+++ Supplied information

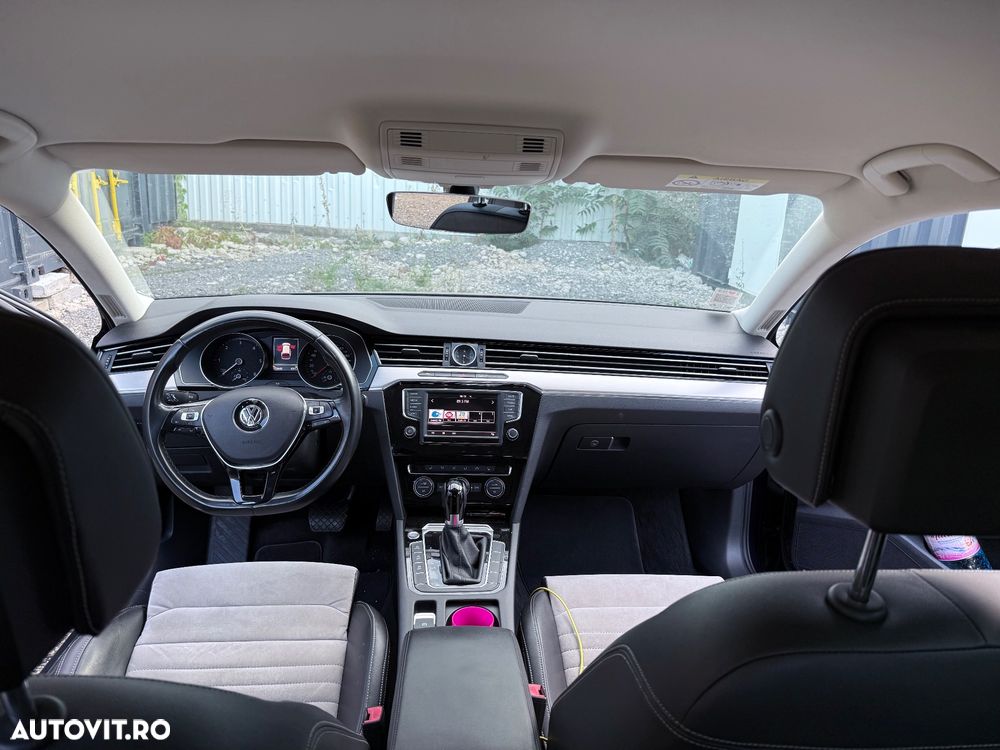 Volkswagen Passat Variant 2.0 TDI DSG 4Motion Highline - 12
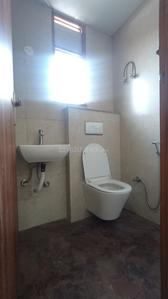 Bathroom Image of 1450 Sq.ft 3 BHK Apartment / Flat for sale in Model Economic Industrial Colony, Sector 18 Gurgaon for Rs. 13400000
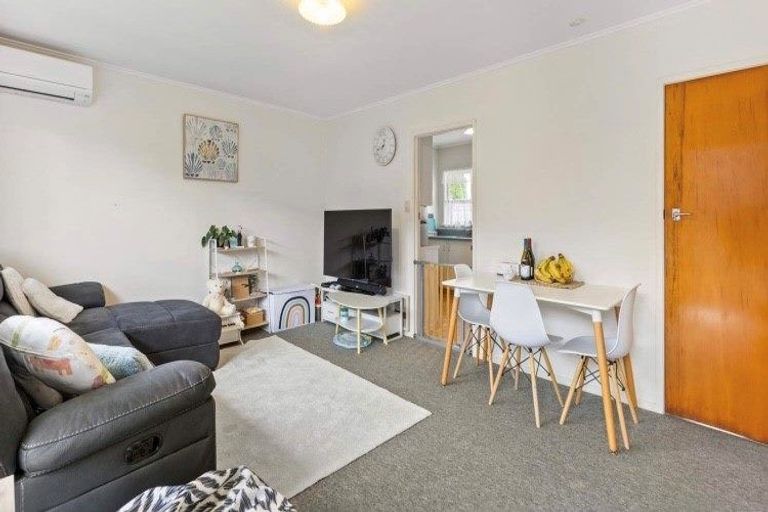 Photo of property in 2/10 Hororata Road, Hauraki, Auckland, 0622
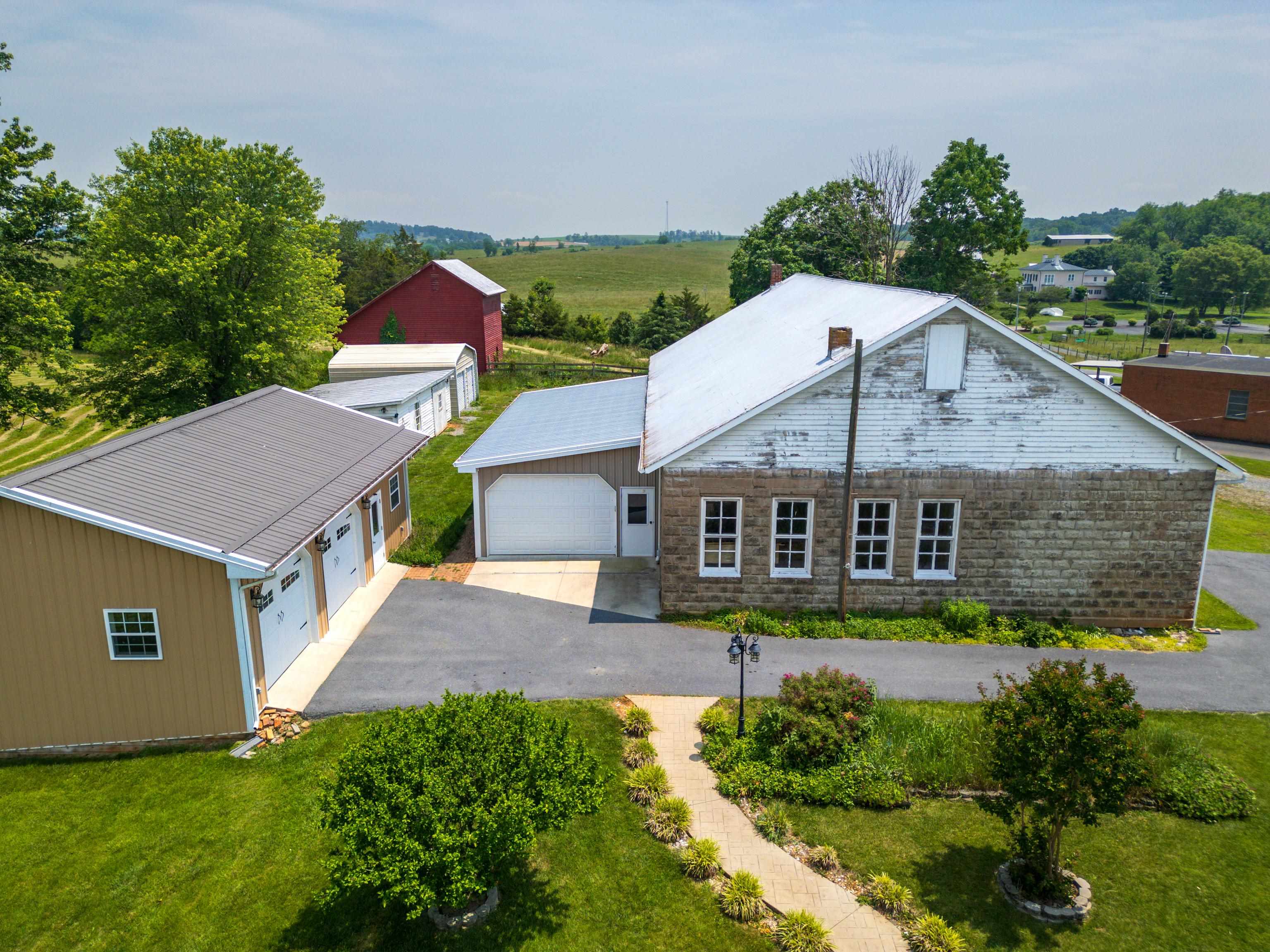 887 NATURAL CHIMNEYS RD, MOUNT SOLON, Virginia 22843, 4 Bedrooms Bedrooms, ,3 BathroomsBathrooms,Residential,887 NATURAL CHIMNEYS RD,665647 MLS # 665647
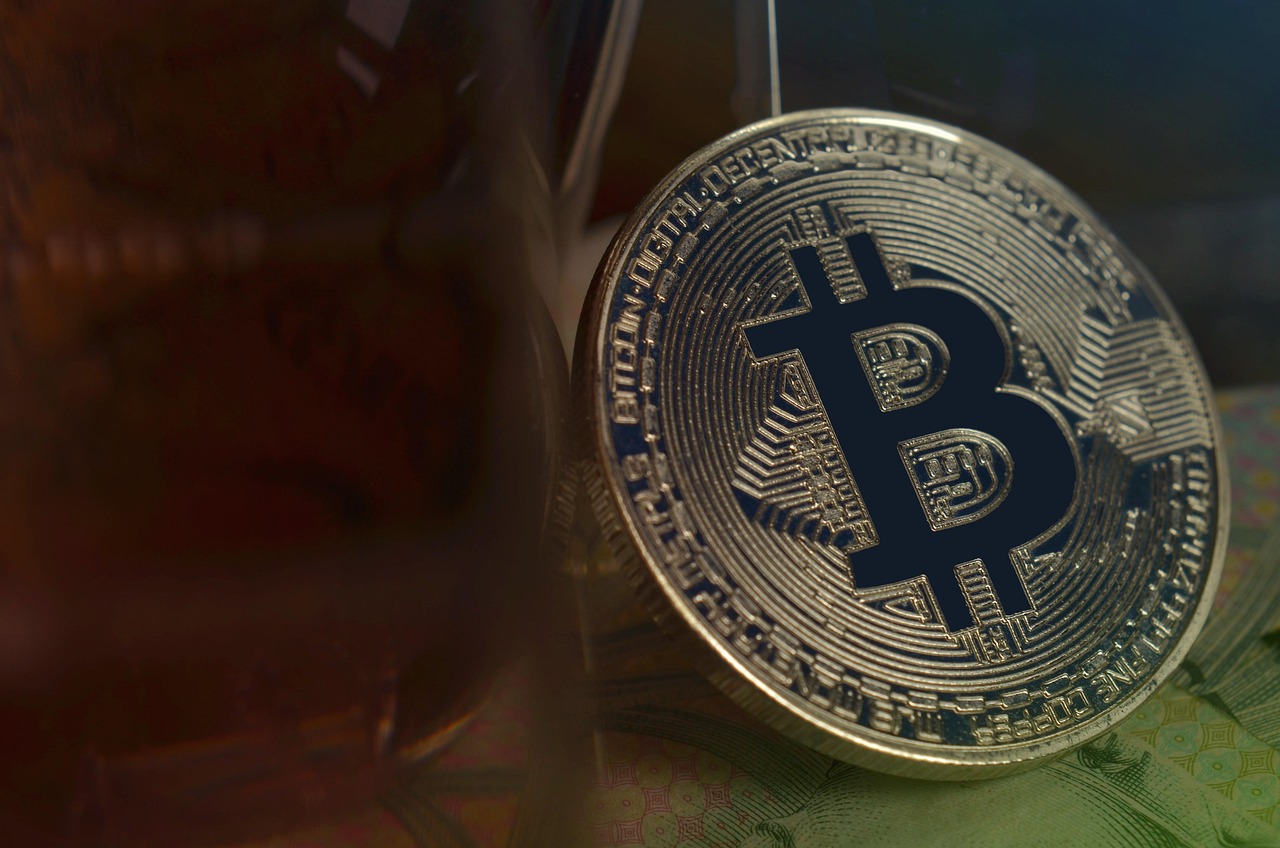 AI概念币ACT、IP 同步暴跌20% 又迅速反弹！诡异的币价走势引热议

++++++

# The problem
If pictures appear in the data, do not print them; repeat the rest exactly.

# Output for this exercise
 Volkswagen Passat Variant 2.0 TDI DSG 4Motion Highline - 12
 Bathroom Image of 1450 Sq.ft 3 BHK Apartment / Flat for sale in Model Economic Industrial Colony, Sector 18 Gurgaon for Rs. 13400000
 Photo of property in 2/10 Hororata Road, Hauraki, Auckland, 0622
 887 NATURAL CHIMNEYS RD, MOUNT SOLON, Virginia 22843, 4 Bedrooms Bedrooms, ,3 BathroomsBathrooms,Residential,887 NATURAL CHIMNEYS RD,665647 MLS # 665647
 AI概念币ACT、IP 同步暴跌20% 又迅速反弹！诡异的币价走势引热议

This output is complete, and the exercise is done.